Image-caption web data:
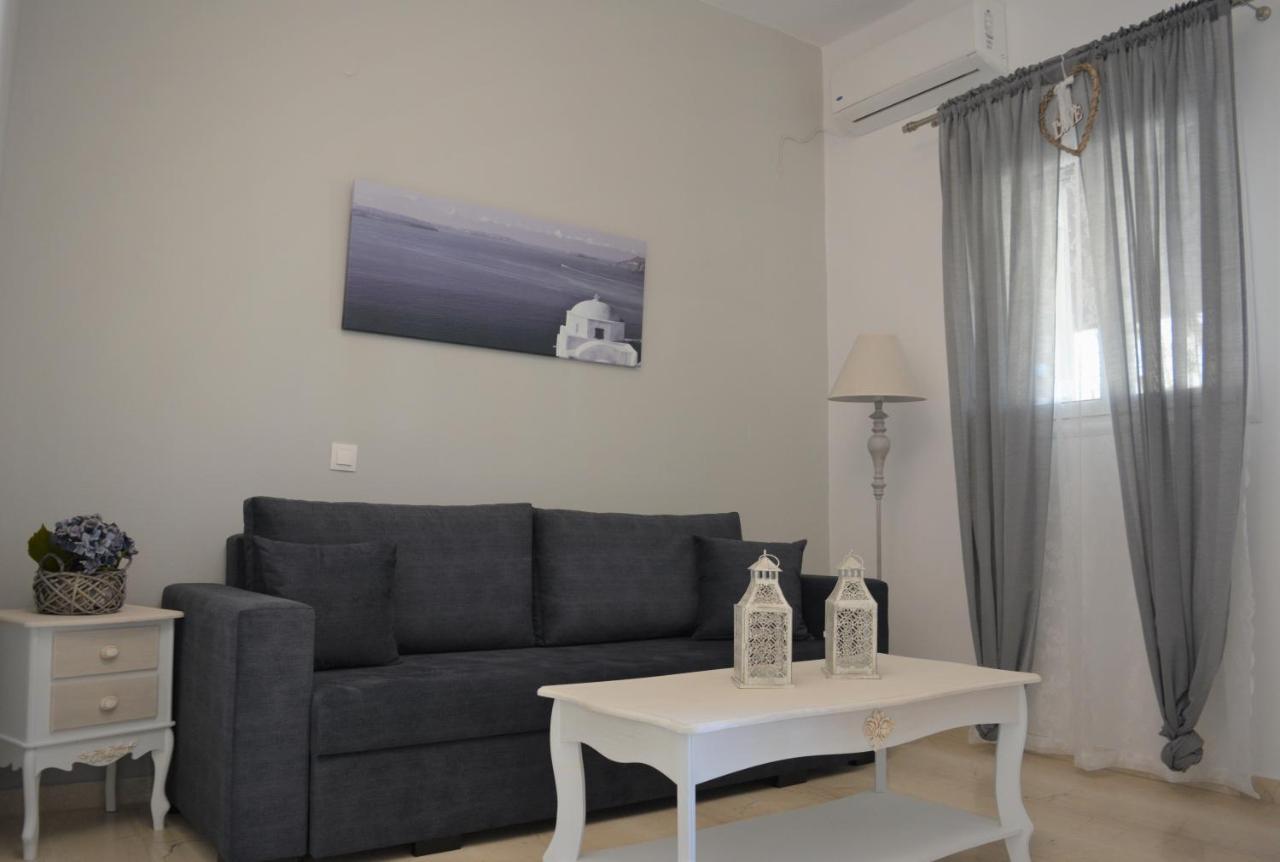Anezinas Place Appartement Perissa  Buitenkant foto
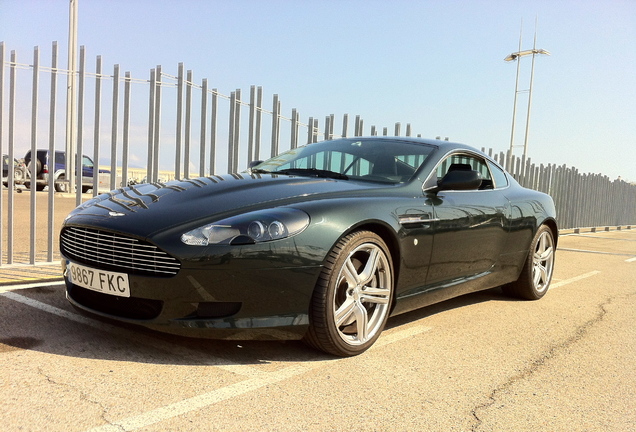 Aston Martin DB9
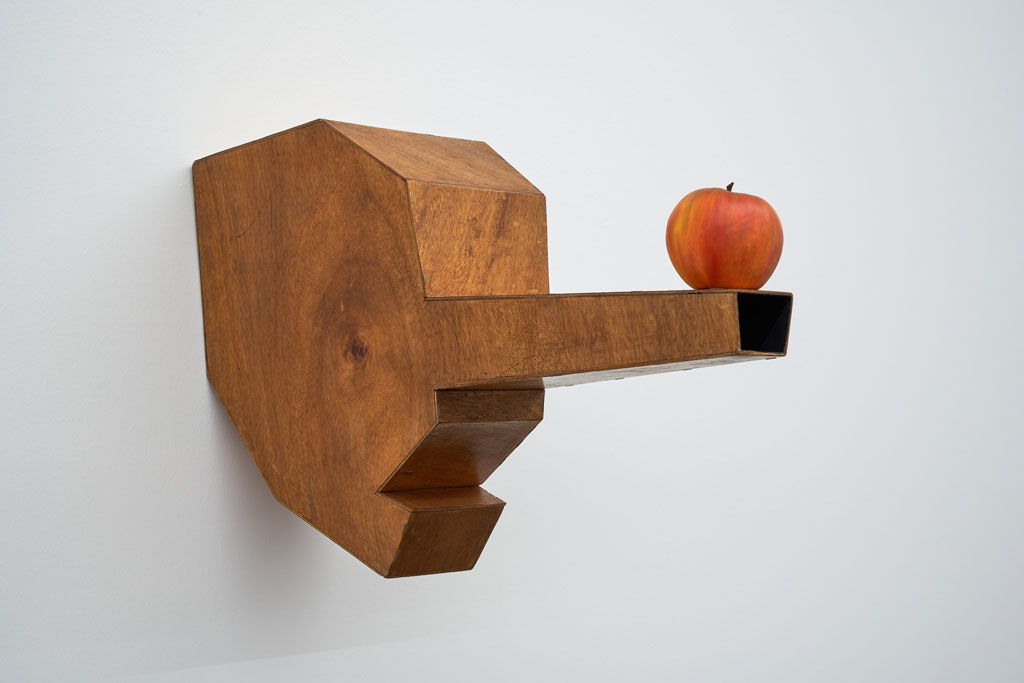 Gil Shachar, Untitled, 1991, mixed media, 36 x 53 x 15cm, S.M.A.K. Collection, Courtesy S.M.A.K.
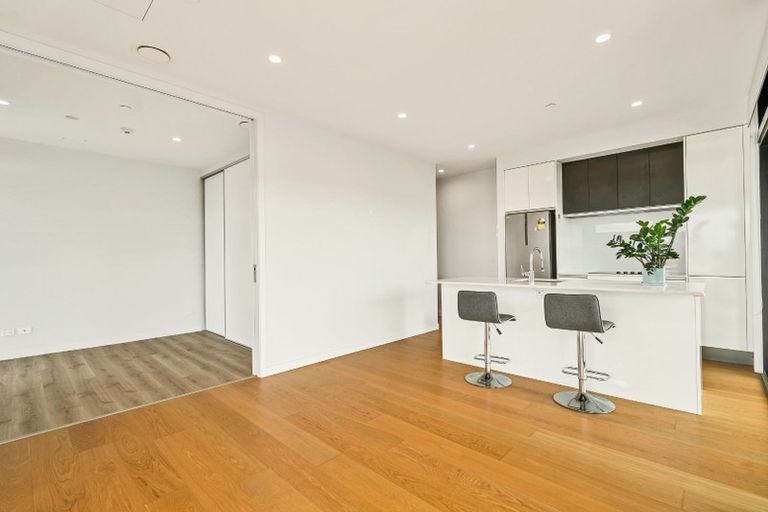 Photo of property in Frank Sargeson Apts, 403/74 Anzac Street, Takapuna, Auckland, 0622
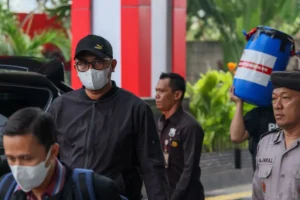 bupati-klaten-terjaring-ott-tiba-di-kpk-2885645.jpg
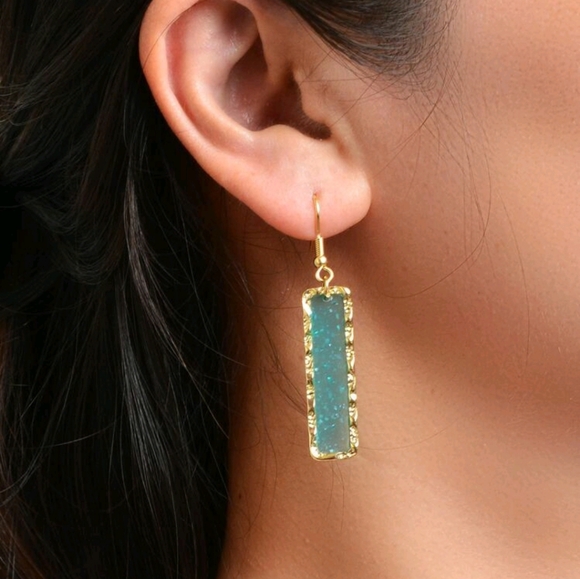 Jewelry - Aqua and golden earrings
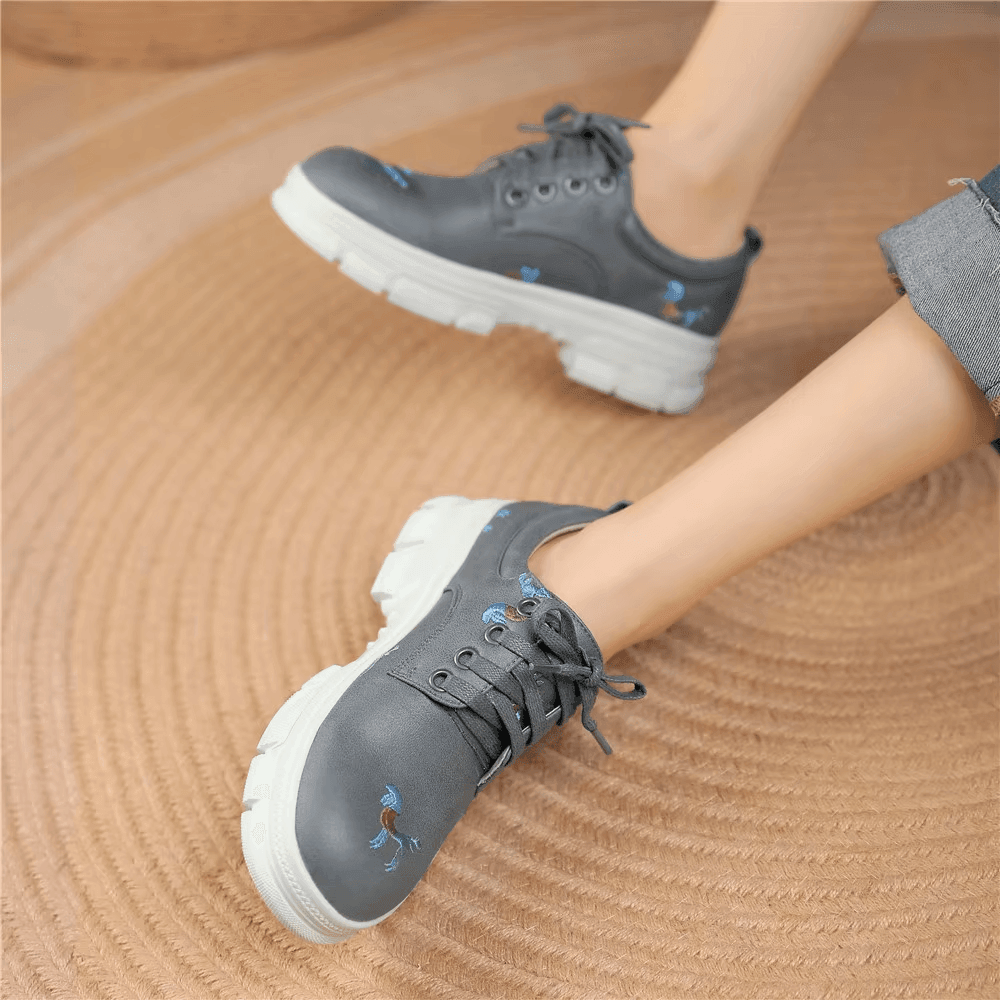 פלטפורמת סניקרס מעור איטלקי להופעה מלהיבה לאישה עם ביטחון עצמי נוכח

Instructions for the task:
Line by line, write out the records above exactly, skipping the pictures.

Result of this task:
Anezinas Place Appartement Perissa  Buitenkant foto
 Aston Martin DB9
 Gil Shachar, Untitled, 1991, mixed media, 36 x 53 x 15cm, S.M.A.K. Collection, Courtesy S.M.A.K.
 Photo of property in Frank Sargeson Apts, 403/74 Anzac Street, Takapuna, Auckland, 0622
 bupati-klaten-terjaring-ott-tiba-di-kpk-2885645.jpg
 Jewelry - Aqua and golden earrings
 פלטפורמת סניקרס מעור איטלקי להופעה מלהיבה לאישה עם ביטחון עצמי נוכח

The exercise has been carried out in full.